Researchers peeking into our genetic code found that modern humans are less adept at handling smoke-borne toxins than the Neanderthals. We’re even worse at it than great apes, they add.

Smoke churning out of an US-issue green M18 grenade.
Image credits Lance Cpl. Jody Lee Smith / Released by the U.S. Marine Corps.

Modern human society can arguably trace its roots back to our mastery of fire. It not only let us prepare high-quality, energy-rich food, but provided protection against the cold, predators, and it underpinned early technology and industry.

But it’s not all rosy. Exposure to the toxic compounds released in smoke (such as like polycyclic aromatic hydrocarbons) can take a heavy toll on our bodies, increasing the risk for pneumonia as well as a host of other conditions and negatively impacting pregnancy development in women and sperm quality in males.

This double edge has sent researchers from the Leiden University and Wageningen University on a quest to find genetic markers for the use of fire in ancient humans.

It’s all about genes

Archeologists have quite a hard task in pinning the first use of fire, which has led to some pretty heated arguments in the past. Some argue that humans have been using it for as long as two million years, but most evidence found in Europe and the Near East suggest that we’ve learned to use fire somewhere around 350,000 years ago.

To bring new insight to this debate, the team looked at the biological adaptations of prehistoric and recent humans to toxic compounds in smoke. Since using fire involved heavy exposure to these compounds in breathed smoke and in cooked food, the team expected it to have an impact on the selection of human genes — specifically, that it would promote individuals who had a built-in resistance against them. They analyzed gene variants from Neanderthal, Denisovan, and prehistoric modern humans.

They tested single nucleotide variants in 19 genes that have been linked to increased risk of fertility and reproduction issues in tobacco smoke studies. These were compared to variants found in Neanderthal and Denisovan genetic material, and with DNA harvested from chimpanzees and gorillas as a control group — we’re closely related but they don’t use fire.

The results showed that Neanderthals and Denisonvans both had genetic variants which were better at handling smoke than we do.

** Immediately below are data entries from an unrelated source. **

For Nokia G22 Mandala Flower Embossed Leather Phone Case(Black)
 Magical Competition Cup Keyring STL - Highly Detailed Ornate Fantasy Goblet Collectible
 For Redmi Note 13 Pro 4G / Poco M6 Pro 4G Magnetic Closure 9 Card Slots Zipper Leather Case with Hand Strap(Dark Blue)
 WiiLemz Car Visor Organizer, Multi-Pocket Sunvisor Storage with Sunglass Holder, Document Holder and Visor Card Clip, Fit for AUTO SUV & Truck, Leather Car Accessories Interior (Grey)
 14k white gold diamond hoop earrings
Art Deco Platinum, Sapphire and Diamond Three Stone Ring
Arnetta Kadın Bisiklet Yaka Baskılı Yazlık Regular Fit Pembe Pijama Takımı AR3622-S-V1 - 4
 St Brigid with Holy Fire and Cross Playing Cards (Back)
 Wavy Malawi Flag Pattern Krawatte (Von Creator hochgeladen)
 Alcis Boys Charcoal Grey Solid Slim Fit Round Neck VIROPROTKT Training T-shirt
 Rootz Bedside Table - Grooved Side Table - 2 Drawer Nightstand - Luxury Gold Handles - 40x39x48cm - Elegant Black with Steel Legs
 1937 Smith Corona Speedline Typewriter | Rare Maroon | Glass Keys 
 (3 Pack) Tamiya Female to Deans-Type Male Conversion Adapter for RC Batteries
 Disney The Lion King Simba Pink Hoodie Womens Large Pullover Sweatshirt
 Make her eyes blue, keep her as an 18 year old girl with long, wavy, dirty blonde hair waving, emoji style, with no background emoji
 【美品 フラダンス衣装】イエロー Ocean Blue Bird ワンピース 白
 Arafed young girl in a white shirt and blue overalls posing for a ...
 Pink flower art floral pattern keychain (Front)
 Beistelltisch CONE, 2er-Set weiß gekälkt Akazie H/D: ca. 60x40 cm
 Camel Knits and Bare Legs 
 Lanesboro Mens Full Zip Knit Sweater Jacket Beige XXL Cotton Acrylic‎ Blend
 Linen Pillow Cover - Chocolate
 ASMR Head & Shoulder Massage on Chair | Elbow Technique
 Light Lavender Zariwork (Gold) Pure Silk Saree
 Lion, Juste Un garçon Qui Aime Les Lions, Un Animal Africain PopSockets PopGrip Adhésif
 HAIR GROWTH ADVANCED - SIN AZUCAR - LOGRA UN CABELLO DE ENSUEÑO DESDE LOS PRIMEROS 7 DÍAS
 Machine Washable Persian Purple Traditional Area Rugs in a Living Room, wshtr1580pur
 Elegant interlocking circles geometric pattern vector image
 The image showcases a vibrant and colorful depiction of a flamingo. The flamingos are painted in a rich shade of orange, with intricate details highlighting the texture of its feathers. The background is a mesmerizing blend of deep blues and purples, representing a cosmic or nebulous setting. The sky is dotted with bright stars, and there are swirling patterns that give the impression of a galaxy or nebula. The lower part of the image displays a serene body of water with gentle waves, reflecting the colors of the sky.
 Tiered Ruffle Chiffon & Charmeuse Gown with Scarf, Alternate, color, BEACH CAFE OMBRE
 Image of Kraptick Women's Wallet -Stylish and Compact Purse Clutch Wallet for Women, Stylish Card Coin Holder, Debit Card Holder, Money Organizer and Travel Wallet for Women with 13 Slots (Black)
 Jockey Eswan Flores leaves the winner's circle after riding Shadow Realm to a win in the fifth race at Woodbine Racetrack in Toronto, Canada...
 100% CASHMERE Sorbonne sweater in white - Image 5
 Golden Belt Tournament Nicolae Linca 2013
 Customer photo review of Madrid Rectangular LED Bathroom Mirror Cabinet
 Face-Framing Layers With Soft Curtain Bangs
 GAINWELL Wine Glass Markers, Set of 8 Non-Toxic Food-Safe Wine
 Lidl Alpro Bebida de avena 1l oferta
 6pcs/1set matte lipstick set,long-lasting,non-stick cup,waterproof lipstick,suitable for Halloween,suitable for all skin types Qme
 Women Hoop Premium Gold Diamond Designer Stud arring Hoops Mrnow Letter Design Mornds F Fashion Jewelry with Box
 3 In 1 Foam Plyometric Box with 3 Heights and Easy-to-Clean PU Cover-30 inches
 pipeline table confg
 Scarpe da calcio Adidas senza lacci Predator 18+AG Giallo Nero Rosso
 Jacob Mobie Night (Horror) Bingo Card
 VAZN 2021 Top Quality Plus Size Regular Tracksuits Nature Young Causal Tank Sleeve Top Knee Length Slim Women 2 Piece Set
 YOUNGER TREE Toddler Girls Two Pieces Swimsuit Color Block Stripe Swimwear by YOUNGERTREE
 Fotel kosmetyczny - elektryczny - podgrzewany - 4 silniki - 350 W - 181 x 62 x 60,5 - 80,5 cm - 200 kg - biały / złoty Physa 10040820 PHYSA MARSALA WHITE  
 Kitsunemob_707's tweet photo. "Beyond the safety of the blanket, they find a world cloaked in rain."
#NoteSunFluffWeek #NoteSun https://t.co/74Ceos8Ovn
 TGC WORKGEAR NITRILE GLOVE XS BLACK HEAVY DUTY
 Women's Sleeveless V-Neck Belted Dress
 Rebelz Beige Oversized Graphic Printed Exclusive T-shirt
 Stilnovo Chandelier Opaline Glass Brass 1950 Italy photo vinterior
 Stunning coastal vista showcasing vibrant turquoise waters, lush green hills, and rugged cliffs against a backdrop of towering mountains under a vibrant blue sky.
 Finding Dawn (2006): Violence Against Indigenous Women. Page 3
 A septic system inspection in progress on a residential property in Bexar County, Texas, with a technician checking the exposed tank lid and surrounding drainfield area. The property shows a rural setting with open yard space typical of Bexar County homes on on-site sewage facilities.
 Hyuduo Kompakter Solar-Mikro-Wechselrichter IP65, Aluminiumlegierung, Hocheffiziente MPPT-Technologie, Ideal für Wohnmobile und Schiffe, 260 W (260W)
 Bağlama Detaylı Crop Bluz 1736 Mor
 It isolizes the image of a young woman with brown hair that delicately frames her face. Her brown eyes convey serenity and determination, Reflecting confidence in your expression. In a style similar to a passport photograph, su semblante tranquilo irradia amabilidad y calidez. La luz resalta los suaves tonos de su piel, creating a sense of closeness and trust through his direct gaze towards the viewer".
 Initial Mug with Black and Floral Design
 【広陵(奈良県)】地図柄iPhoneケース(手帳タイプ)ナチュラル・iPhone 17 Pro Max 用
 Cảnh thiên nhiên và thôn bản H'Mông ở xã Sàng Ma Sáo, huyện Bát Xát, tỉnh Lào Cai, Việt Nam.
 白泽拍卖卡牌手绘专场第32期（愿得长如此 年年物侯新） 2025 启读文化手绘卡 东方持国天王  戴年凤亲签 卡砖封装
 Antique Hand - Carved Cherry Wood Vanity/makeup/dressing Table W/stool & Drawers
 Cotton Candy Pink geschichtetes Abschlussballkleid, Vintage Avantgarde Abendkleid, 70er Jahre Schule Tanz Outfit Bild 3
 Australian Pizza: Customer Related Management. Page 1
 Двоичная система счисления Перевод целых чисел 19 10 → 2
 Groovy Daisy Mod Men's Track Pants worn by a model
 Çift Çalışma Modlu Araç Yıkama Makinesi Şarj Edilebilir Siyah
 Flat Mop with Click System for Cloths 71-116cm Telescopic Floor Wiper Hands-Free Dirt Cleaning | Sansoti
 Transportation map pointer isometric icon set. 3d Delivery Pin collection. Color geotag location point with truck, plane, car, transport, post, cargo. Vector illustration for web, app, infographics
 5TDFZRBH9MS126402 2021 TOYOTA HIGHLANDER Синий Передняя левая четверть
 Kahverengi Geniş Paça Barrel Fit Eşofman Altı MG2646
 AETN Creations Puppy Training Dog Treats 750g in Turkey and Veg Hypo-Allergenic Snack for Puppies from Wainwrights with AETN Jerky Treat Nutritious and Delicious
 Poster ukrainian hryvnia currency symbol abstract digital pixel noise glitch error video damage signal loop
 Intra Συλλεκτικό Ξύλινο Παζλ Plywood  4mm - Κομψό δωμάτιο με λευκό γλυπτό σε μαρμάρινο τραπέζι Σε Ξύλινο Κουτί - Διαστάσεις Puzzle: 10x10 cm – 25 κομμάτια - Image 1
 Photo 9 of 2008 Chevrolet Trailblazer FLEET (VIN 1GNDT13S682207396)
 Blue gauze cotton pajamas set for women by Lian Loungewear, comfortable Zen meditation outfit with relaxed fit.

Surprisingly, even the apes had them — suggesting they were very old gene variants, inherited from a common ancestor.

Up in smoke

The less efficient variants were only observed from the earliest hunter-gatherers we have genetic information on, so from about 40,000 years ago up to the present. The team suspects the apes’ genes are involved in defending them from toxins in the plants they eat. Our own defenses apparently borrow heavily from those adaptations, being developed deep in our primate ancestry.

The findings show that our ancestors were well equipped to deal with smoke long before they made any fires for themselves. Somewhere along the line though, we traded these genes for their less efficient variants. Previous studies have discovered, however, that modern humans have developed a whole new set of mutations to help them cope with toxic smoke compounds, so maybe the genetic variants seen in Neanderthals and Denisovans didn’t have a big enough effect to apply selective pressure.

All of this will have to be answered by future research.

The full paper “Fire Usage and Ancient Hominin Detoxification Genes: Protective Ancestral Variants Dominate While Additional Derived Risk Variants Appear in Modern Humans” has been published in the journal PLOS ONE.